Professor John Michael Cullen (1927 - 2001) was an Australian ornithologist, of English origin. Mike Cullen began his academic career by studying mathematics at Wadham College, Oxford, but later switched to zoology, spending time at the Edward Grey Institute of Field Ornithology while investigating the ecology of Marsh Tits. He subsequently achieved his PhD with Niko Tinbergen with a study of the behaviour of the Common Tern on the Farne Islands off the coast of Northumberland.

In 1976 he moved to Australia, to Monash University in Melbourne, Victoria. There he was involved in an investigation of Abbott's Booby on Christmas Island which was threatened by guano mining. He served on the Field Investigation Committee of the Royal Australasian Ornithologists Union (RAOU) for which he organised the Rolling Bird Survey project. However, he is best known for long-term studies of the Little Penguin at Phillip Island and in Port Phillip Bay at St Kilda, in collaboration with Pauline Reilly and others.

[edit] Eulogy by Richard Dawkins, spoken at his Memorial Service in Wadham College Chapel, Oxford, 13th November 2001

Many people see the years of the Tinbergen group at Oxford as a golden age of Ethology, beginning when Niko arrived from the Netherlands in 1950, and culminating in his Nobel Prize of 1973. It might surprise outsiders to know that many insiders would rate Mike Cullen the equal of Niko himself in contributing to that golden age.
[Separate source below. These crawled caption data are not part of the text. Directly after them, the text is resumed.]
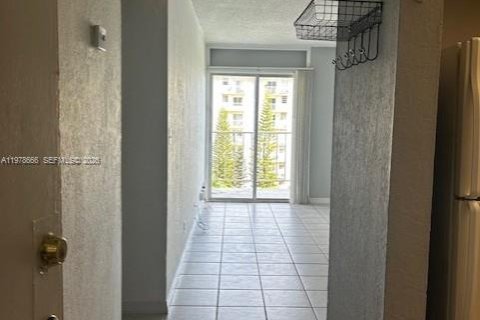Condo in Miami, Florida, 1 bedroom  № 2044713 - photo 2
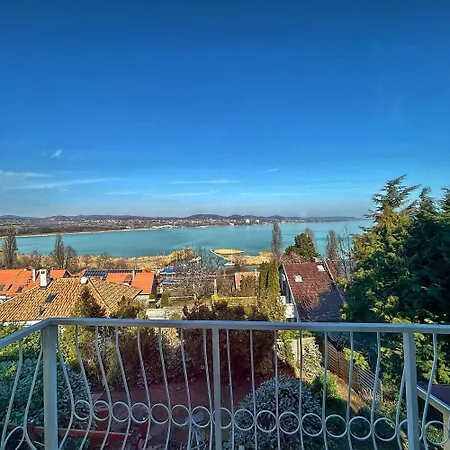 Bed and Breakfast Borostyan 3*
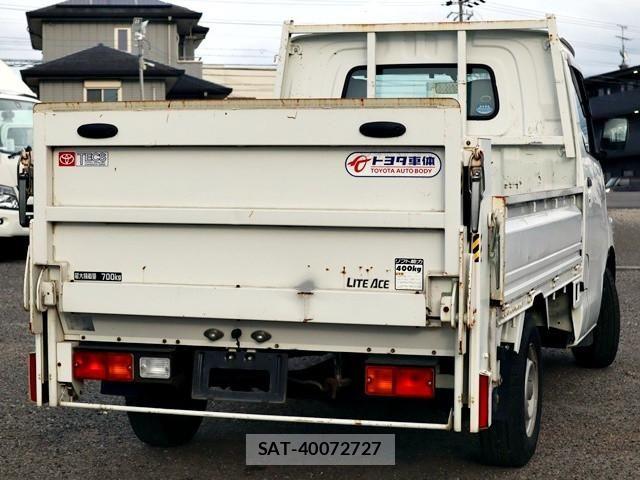 Toyota LITEACE TRUCK 2015-11 8660035-2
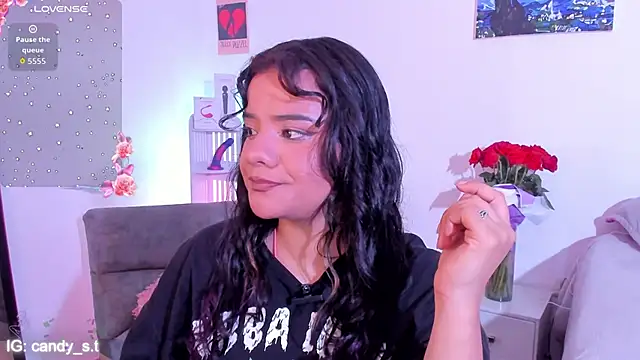 Shophie thoopson online show from 06-03-26, 04:04
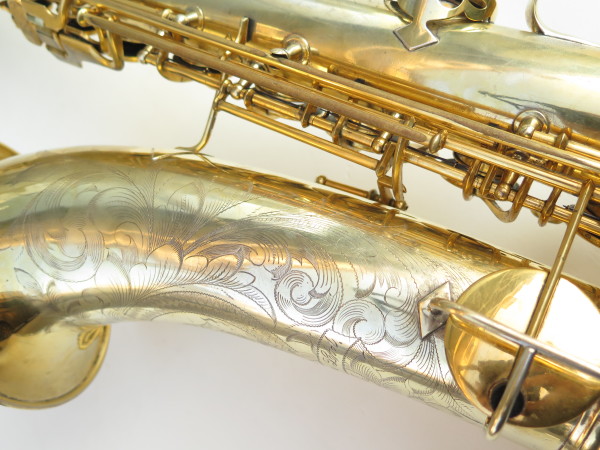 Saxophone ténor Conn Chu Berry plaqué or gravé (17)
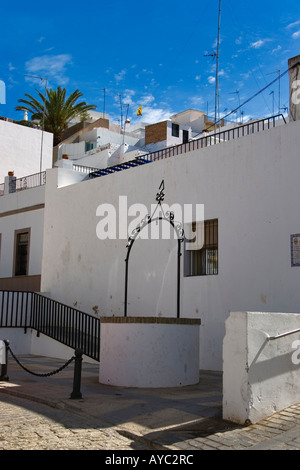 Un puits se trouve en face de maisons blanchies à la chaux dans la ville espagnole traditionnelle d'Ayamonte dans la province de Huelva UE Banque D'Images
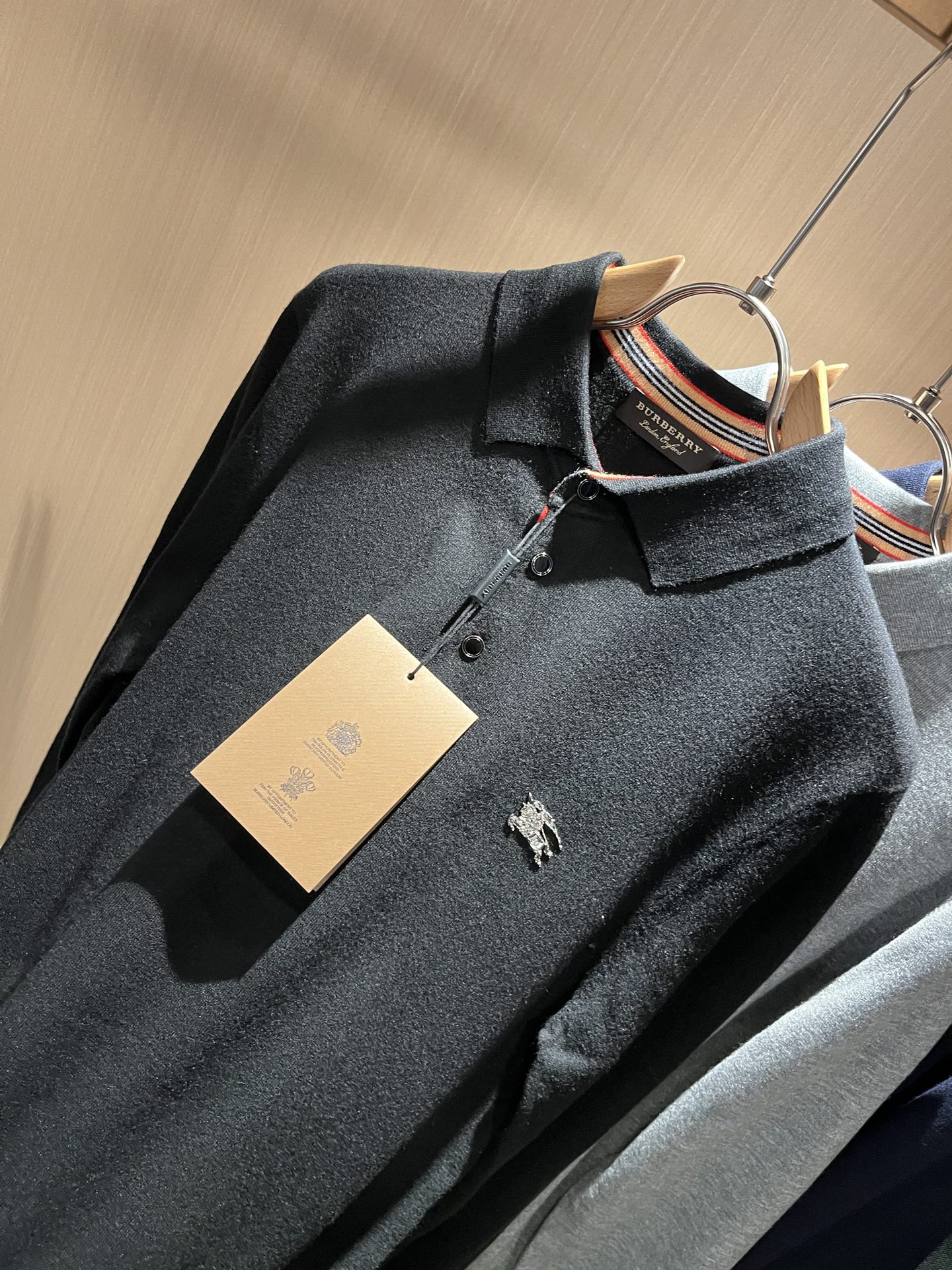 Bur*erry 巴*莉 2025秋冬新款长袖款针织羊毛开衫，品牌经典设计元素！既不单调也不复杂,恰到好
By the time I arrived, in the early 1960s, I would go as far as to say that Mike had become the more important influence. This continued, though obviously to a lesser extent, even after Mike moved from Zoology to Psychology, and we all moved from 13 Bevington Road into the present concrete building, now to be renamed the Tinbergen Building.
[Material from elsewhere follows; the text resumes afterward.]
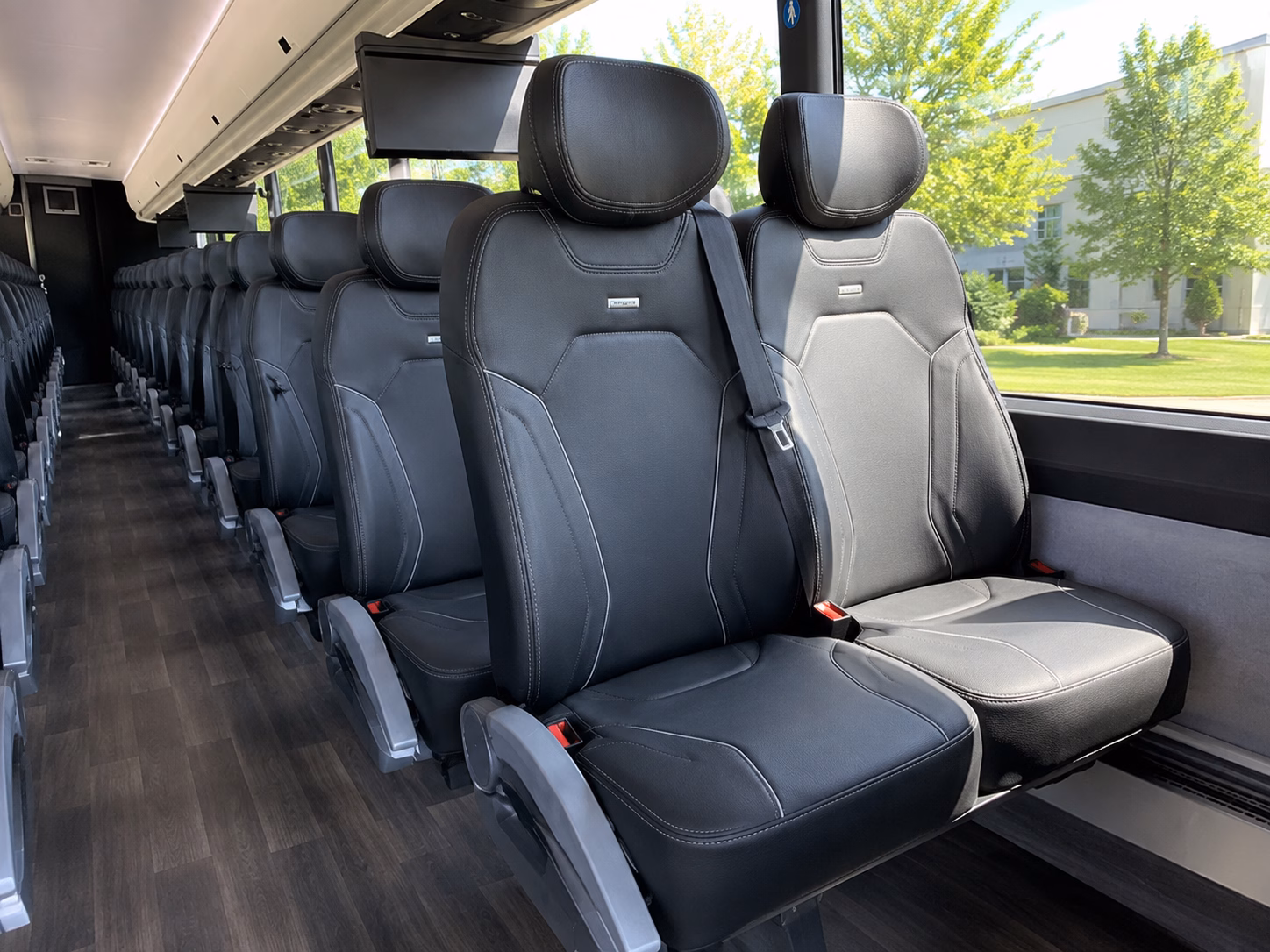 rochester hills charter bus services interior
Mike's most extraordinary personal quality, as I am sure everybody will say today in their different ways, was his generosity with his time and his talents, and I shall of course return to this too.

But there was much more. He was a shining intelligence (who listened to those less gifted). His knowledge was huge (though he flattered us by pretending we shared it). He was a first class field naturalist, with a deep knowledge of zoology, and the well-rounded classical cultivation characteristic of his age and education – and not to be found today. His mathematical facility was a priceless resource to the rest of us, and it spurred his inventiveness in finding ways of quantifying everyday things, a habit which we all caught from him to our lifelong advantage. It also made the famous Block Practical a formative experience for generations of undergraduates. They went out into the world equipped to turn observations into numbers, and hence something you could analyse and draw proper inferences from.

The Block Practical lasted a fortnight and all other work was suspended for it. On the first day, he would give an introductory pep-talk. One year he decided to goad the undergraduates into developing their powers of observation – in a lesson that they would not forget. Indeed, nobody would forget it. What he did was to pretend to go mad during the course of the lecture. I forget how he was dressed. Red sweater, obviously, but perhaps his shirt was hanging out. I don't think he was wearing a false nose, but there were various other things wrong with his appearance. The lecture began sensibly enough but, as it progressed, he gradually introduced more and more odd mutations. Stray words or sentences that didn't belong. Lunatic twitches of increasing severity. And he rounded the performance off by seizing everything on the bench and throwing them at me to catch – chalk, board-dusters and, I rather think, expensive portable tape recorders as well, although my own powers of observation may have deserted me at this point.

Legends of Mike's eccentricity abound, but I think the following story, which I borrow with thanks from Jon Erichsen, says less about eccentricity than about his eternally youthful scientific curiosity. Jon and Mike once went to Stratford, to see The Taming of the Shrew. The scenery designer had come up with a cunning lighting effect, to create the illusion of rutted cart tracks on the stage. Even with his binoculars (which he also used in seminars to scrutinise slides of data ) Mike simply could not work out how the cart track illusion was done. At some point, Jon became vaguely aware that Mike was no longer at his side, but he thought little of it. Then he noticed a shadowy figure, flitting about among the footlights. It was, of course, Mike, determined to get to the bottom of this tantalising visual illusion.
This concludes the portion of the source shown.